Género: drama. País y año: Polonia/Reino Unido/ Francia, 2018. Director
Pawel Pawlikowski.
Todo buen director del siglo XXI es
consciente que la decisión de filmar en blanco y negro debe obedecer a un
imperativo que vaya más allá del mero gesto estético, pues significa asumir el
riesgo de ser acusado de pretencioso y esnobista si la ejecución final no es
buena. Y que si bien predispone de alguna manera las expectativas de la audiencia,
sigue siendo una oportunidad para cautivar al espectador a través de detalles
que bajo otras circunstancias pasarían desapercibidos: una canción, un grito, una
risa, una mirada. Una mirada como la de
Joanna Kulig, la fascinante actriz polaca que protagoniza esta película, capaz
de desarmar al espectador y llevarlos por distintas estaciones emocionales: de
la zozobra a la ilusión, de la traición a la esperanza, de la amargura de la distancia al arrebato de la pasión
amorosa que se sabe imposible. Pawlikowski hace una película a su servicio y
el resultado descoloca, emociona.
Historias de amor en tiempos de
la posguerra europea hay miles. ¿Qué es lo que cambia? La manera de contarlo. ¿Cómo
se retrata la tragedia de dos amantes entregados a una vocación, la artística, con
tantos altibajos? Wiktor (Tomasz Kot) y Zula (Kulig) se conocen durante la
formación de un grupo de baile y canto folclórico en la Polonia soviética de
mediados de los años cincuenta. La distancia
generacional de la típica relación amorosa profesor-alumna es subvertida por el
espíritu salvaje que sabe impregnarle Kulig a Zula, la cual al saberse
atractiva y talentosa, es capaz de tomar decisiones tan duras apoyándose en
dichas virtudes sin percibirse como oportunista o arribista .
Pawlikowski solo nos muestra las llegadas a
cada etapa amorosa y no el proceso que llevó a estas. O tal vez sí. Los paréntesis temporales dan fuerzas a los
pocos diálogos y gestos de los protagonistas, haciendo partícipe al espectador al
dejarle la responsabilidad de imaginarse las decisiones y mecanismos a los que acudieron
los protagonistas. Ya sea en una calle de Paris, una carretera de Polonia,
un tren que se dirige a Berlin o al lado
de una sencilla buhardilla, la tragedia del amor (¿qué amor no es trágico desde
su concepción?) se muestra con todas sus luces y sombras, sus virtudes y
defectos, sus alegrías y penas.
Hay un régimen totalitario de fondo
que intensifica todo deseo de escape y evasión, y por ende, la aspiración a un
mundo idílico que siempre parece estar fuera de alcance, colmado de obstáculos
en el medio.
La consumación del amor aparenta
encontrarse fuera de las fronteras impuestas por agentes externos, y sin
embargo, al huir de estas, la frustración se acentúa. El viaje espiritual de
los protagonistas necesita recorrer estas vías para hacerse mucho más significativo.

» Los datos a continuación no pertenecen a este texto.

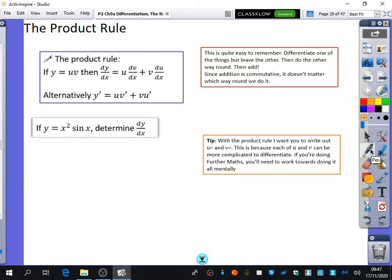Remember when we did the chain rule, I didn't want you to write down what u was equal to. With the product rule, I think it should be written down because it's quite a helpful tool to have. So my tip: with the product rule, write out u equals and v equals. This is because each of u and v can be more complicated to differentiate. If you're doing further maths, you'll need to work towards doing it all mentally, because the amount of differentiation in further maths gets quite a lot higher quicker.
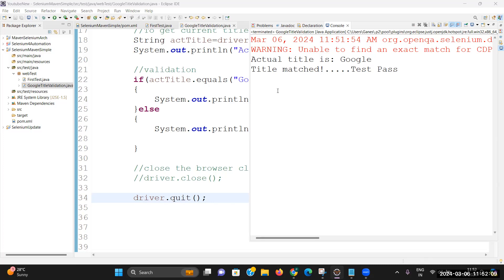So guys, just to begin with the automation part, start writing your automation script by considering and understanding this kind of simple scenario first. I hope this video helped you to understand basic scripting in automation. That's all for this video — thank you for watching.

Entran y salen personajes de sus vidas, siempre secundarios, siempre olvidables,
acentuando la trascendencia
de uno en la
vida del otro, reforzando el lazo que los unirá para siempre más allá de la
cercanía física.
Ninguno es capaz de escapar de la presencia
del otro. No quieren ni pueden. La belleza
de esta película no radica de manera exclusiva en su fotografía ni su banda
sonora, sino en la manera como Pawlikowski vuelve y vuelve a la eterna pregunta, esa que pronuncia Wiktor le
formula a Zula luego de haber sido
traicionado por esta: ¿Ya eres feliz? Y la aproximación a
dicho estado, va a ser imposible sin la presencia del otro. Ese es su drama y
fortaleza. El final de la película, más que una circunstancial vuelta al lugar
de partida, a la sencillez de la atmósfera del campo, no hace más que resaltar
la pureza de la travesía, más que geográfica, sentimental, con la satisfacción
de reconocer que no solo cambiaron las circunstancias externas. Que cambió todo
a excepción de algo, y que con ello basta para afrontar lo que vendrá.